After some consideration, Cage said that he realized it was possible to place in the hands of a single pianist the equivalent of an entire percussion orchestra. With just one musician, you can really do an unlimited number of things on the inside of the piano if you have at your disposal an exploded keyboard. Cage would often quip that by preparing a piano he left it in better condition than he found it.

In Cage’s use, the preparations are typically nuts, bolts and pieces of rubber to be lodged between and entwined around the strings. Some preparations make duller, more percussive sounds than usual, while others create sonorous bell-like tones. Additionally, the individual parts of a preparation like a nut loosely screwed onto a bolt will vibrate themselves, adding their own unique sound.

By placing the preparation between two of the strings on a note which has three strings assigned to it, it is possible to change the timbre of that note by depressing the soft pedal on the piano, which moves the hammers so they strike only two strings instead of all three. Other prepared piano sounds can be reminiscent of mbiras, marimbas, bells, wood blocks, Indonesian gamelan instruments, or many other sounds less easily defined.

American composer Chris Brown created a type of prepared electric piano, the Gazamba from the shell of a Wurlitzer electric piano. American composer Eric Glick Rieman has composed extensively for prepared Fender Rhodes pianos. Ross Bolleter has taken the idea into an innovative direction, exploring the use of ruined pianos, or pianos decayed by weather and time.

 

Influence

March 20, 2009, 7:38 am • Tags: , ,

icon_11A gamelan is a musical ensemble from Indonesia, typically from the islands of Bali or Java, featuring a variety of instruments such as metallophones, xylophones, drums and gongs. The word comes from the Javanese word “gamel” meaning to strike or hammer, and the suffix “an”, which makes the root a collective noun.

The term refers more to the set of instruments than to the players of those instruments. A gamelan is a set of instruments as a distinct entity, built and tuned to stay together. Instruments from different gamelan are generally not interchangeable.

In Javanese mythology, the gamelan was created in AD 230. The god who ruled as king of all Java from a palace on Mount Lawu needed a signal to summon the gods, and thus invented the gong. For more complex messages, he invented two other Gongs, thus forming the basis of the original gamelan set.
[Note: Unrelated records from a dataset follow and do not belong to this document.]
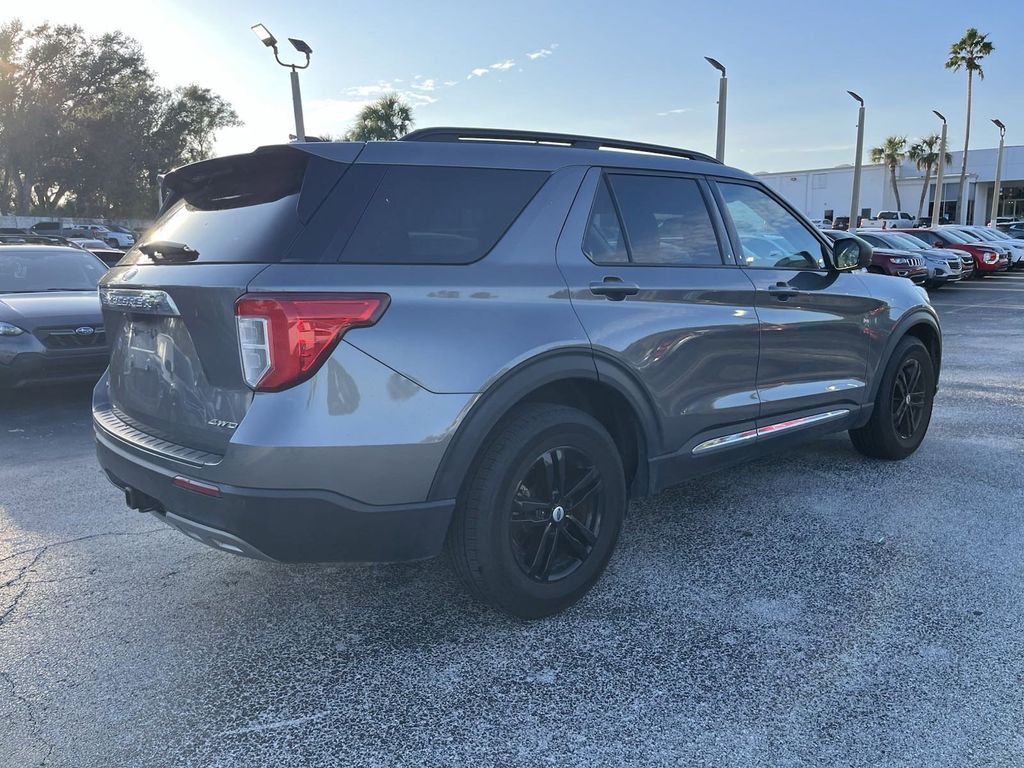 2021 Ford Explorer XLT 5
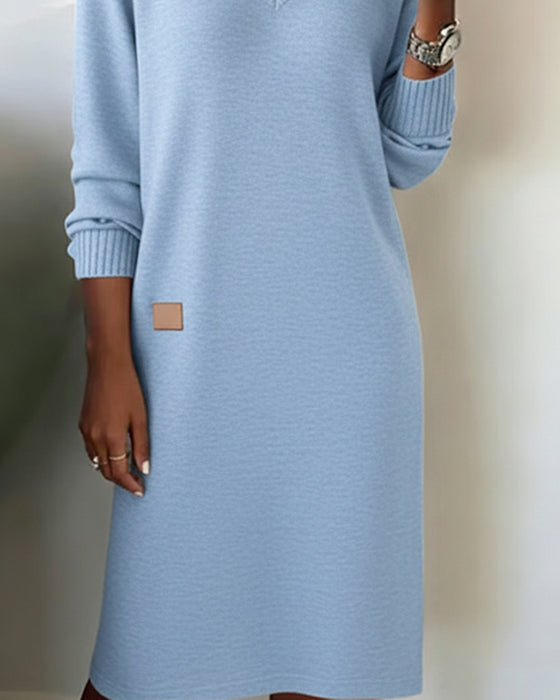 Strickkleid V-Ausschnitt stilvoll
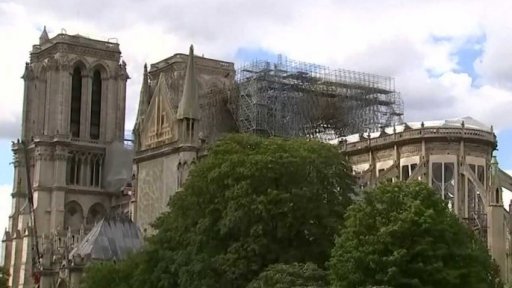 Schválení opravy Notre-Dame v Paříži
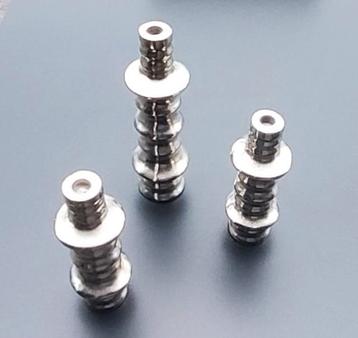 Set van 3 metalen kandelaars beschikbaar voor biedingen
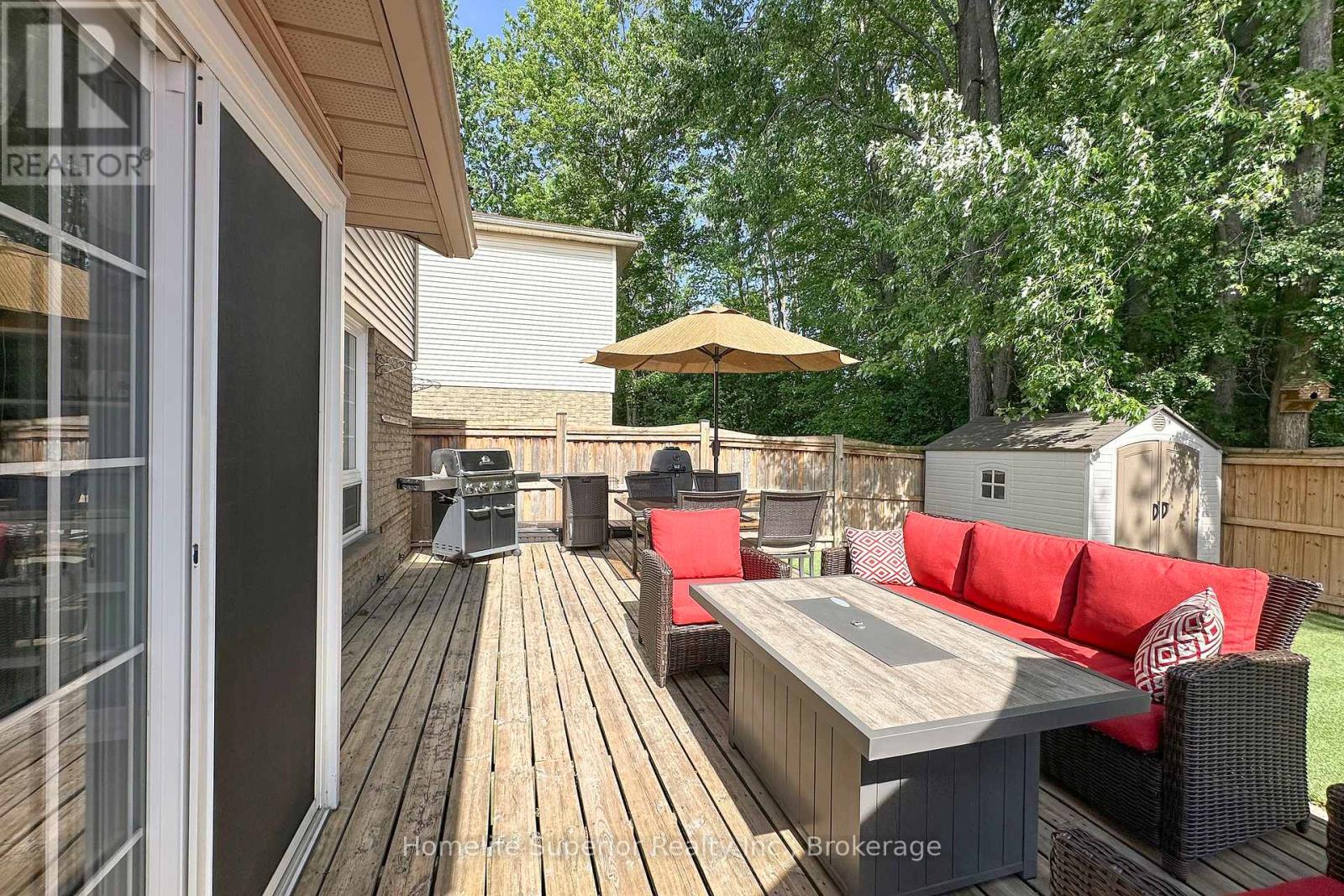 122 SANDRINGHAM DRIVE - 45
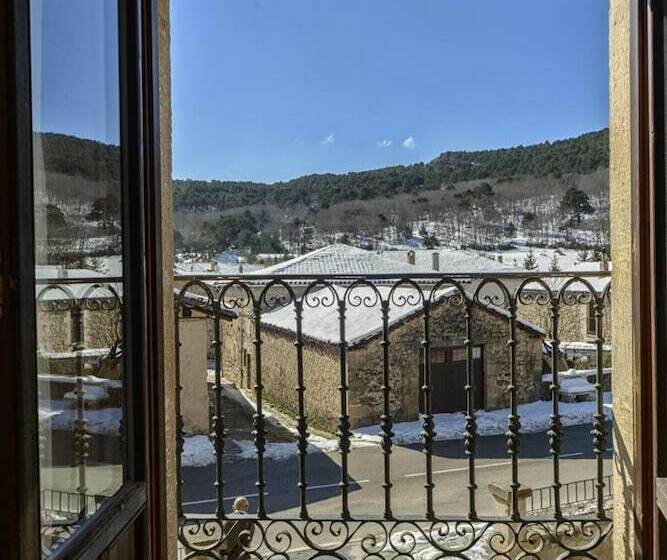 Отель Hostal Las Nieves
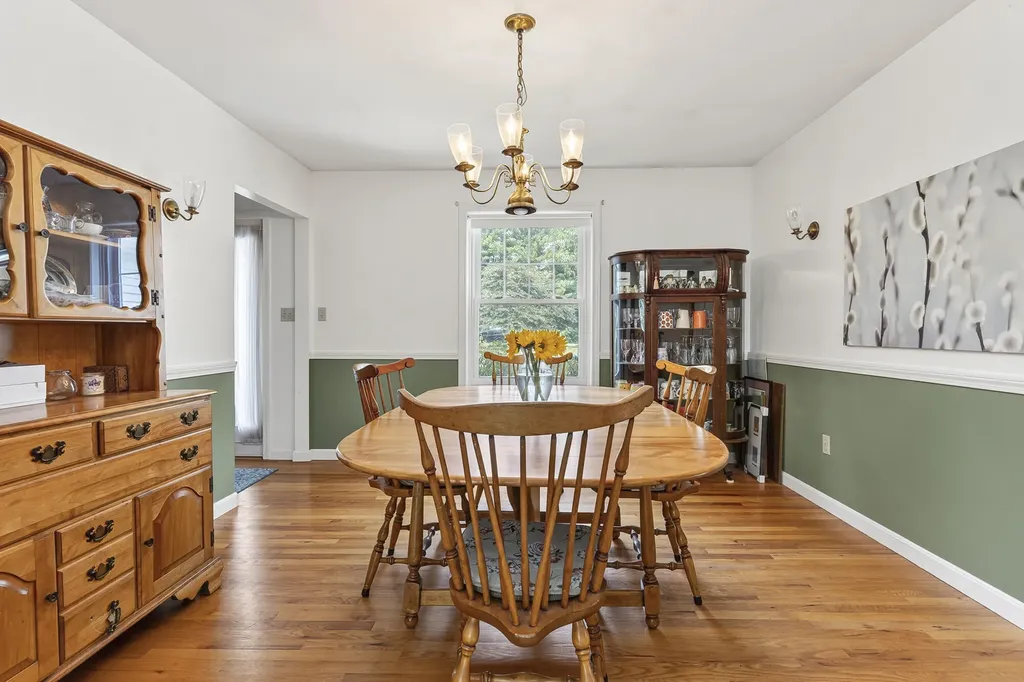 51 Old Mast Road Portland ME 04102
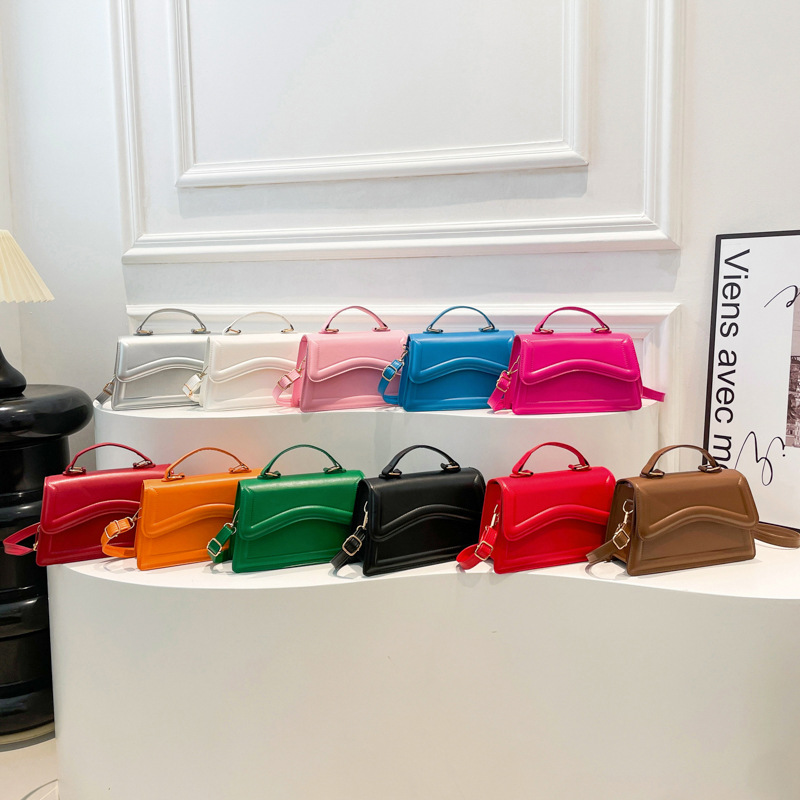 Bolsa cuadrada para mujeres 2024 invierno nueva moda bolso de hombro de color caramelo bolso de moda bolso de mano de moda simple bolso inclinado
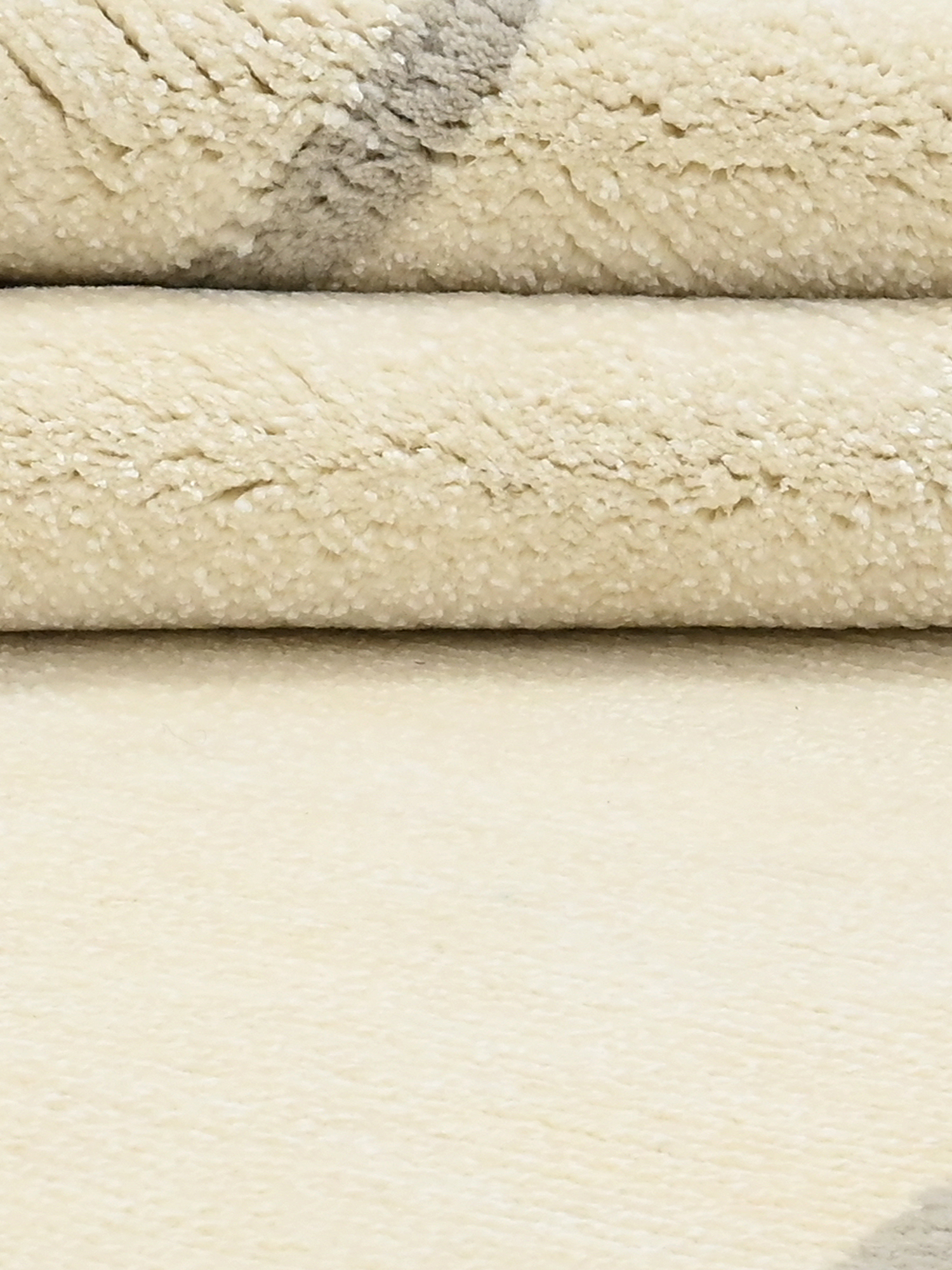 Alinaa Hand-knotted Wool Rug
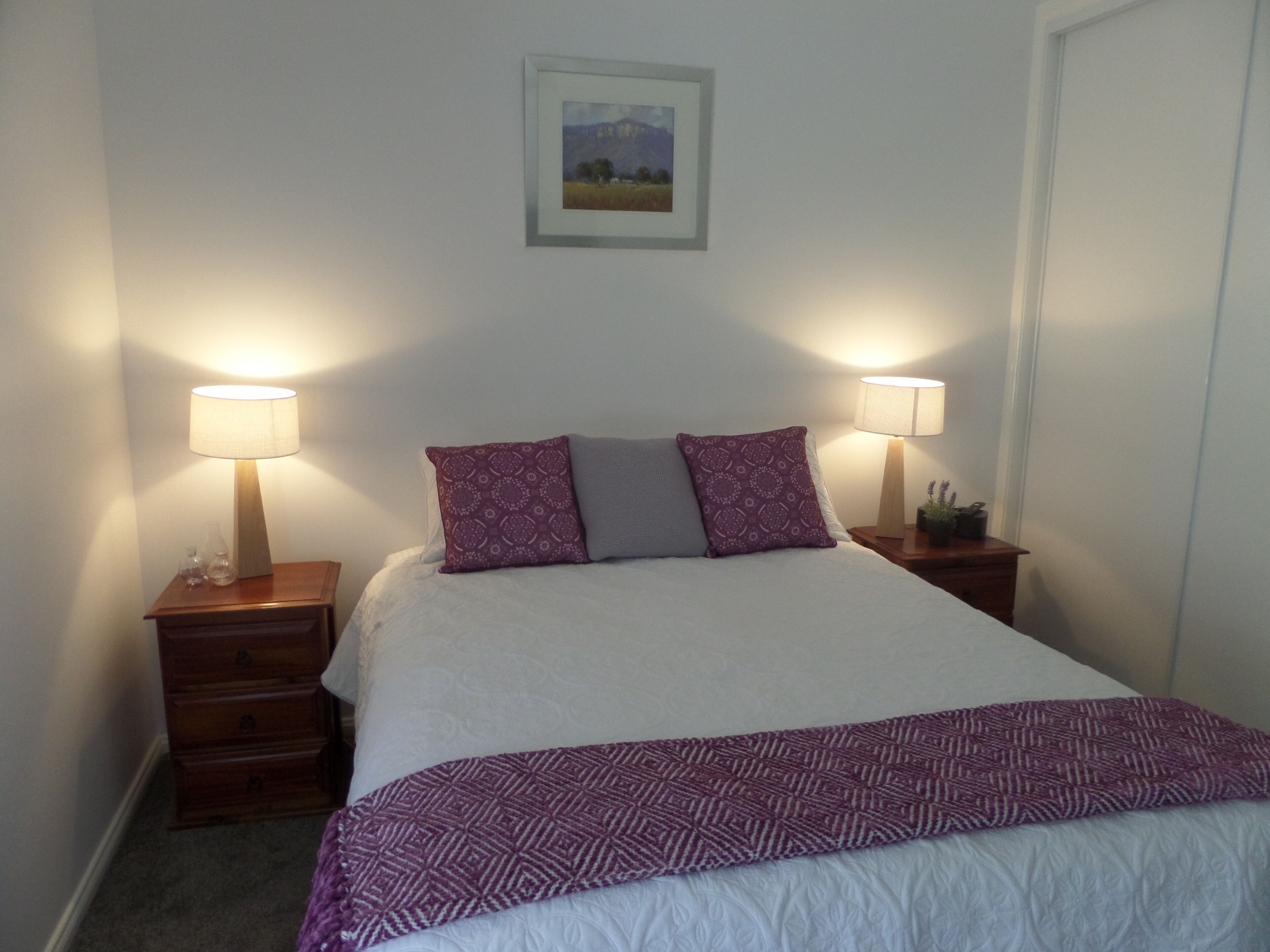 Beautiful 3 bedroom cottage on 25 acres with visiting native birds & wildlife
The gamelan predates the Hindu-Buddhist culture that dominated Indonesia in its earliest records, and instead represents a native art form. In contrast to the Indian influence in other art forms, the only obvious Indian influence in gamelan music is in the Javanese style of singing.

In Indonesia, gamelan usually accompanies dance, puppet performances, or rituals and ceremonies. Typically players in the gamelan will be familiar with dance moves and poetry, while dancers are able to play in the ensemble. In wayang puppet performances, the puppeteer must have a thorough knowledge of gamelan, as he gives the cues for the music.

Gamelan’s role in rituals is so important that there is a Javanese saying that “It’s not official until the gong is hung.” Certain gamelans are associated with specific rituals, such as the Gamelan Sekaten, which is used in celebration of Muhammad’s birthday. In Bali, almost all religious rituals include gamelan performance. Gamelan is also used in the ceremonies of the Catholic church in Indonesia.

Certain pieces are designated for starting and ending performances or ceremonies. When a “leaving” piece is begun, the audience will know that the event is nearly finished and will begin to leave. Certain pieces are also believed to possess magic powers, and can be used to ward off evil spirits.

There is an increasing amount of gamelan outside Indonesia. There are even forms of gamelan that have originated outside Indonesia, such as American gamelan and Malay Gamelan in Malaysia.

There are also professional American gamelan ensembles. Gamelan Son of Lion is a group that focuses on newly composed music by both the members of the group and invited composers from around the world. Gamelan Kori Mas performs Balinese music on bamboo instruments in the San Francisco bay area.

 

Accompaniment

February 28, 2009, 7:51 am • Tags: , ,

icon_35The gudastviri is a droneless, double chantered, horn belled bagpipe played in the Caucasus region between Europe and Asia. The word comes from the words guda (bag) and stviri (whistling). In some regions, the instrument is called the chiboni, stviri, or tulumi.

It is made up of two parts, the first being a whole sheep or goat skin, or a sewed, rectangular leather bag (“guda”). The second is a yoked double chant pipe (“stviri”), terminating in a single horn bell, which makes the gudastviri a member of the hornpipe class of bagpipes.

The gudastviri is used for vocal accompaniment. A majority of recitative songs were performed with its accompaniment, in the region of Racha. The gudastviri player’s repertoire consists of historical, epic, satirical, comic, and lyrical verses, which are performed as one part songs. These songs are recitatives and it is the text, not the melody, that is the most important part of the performance.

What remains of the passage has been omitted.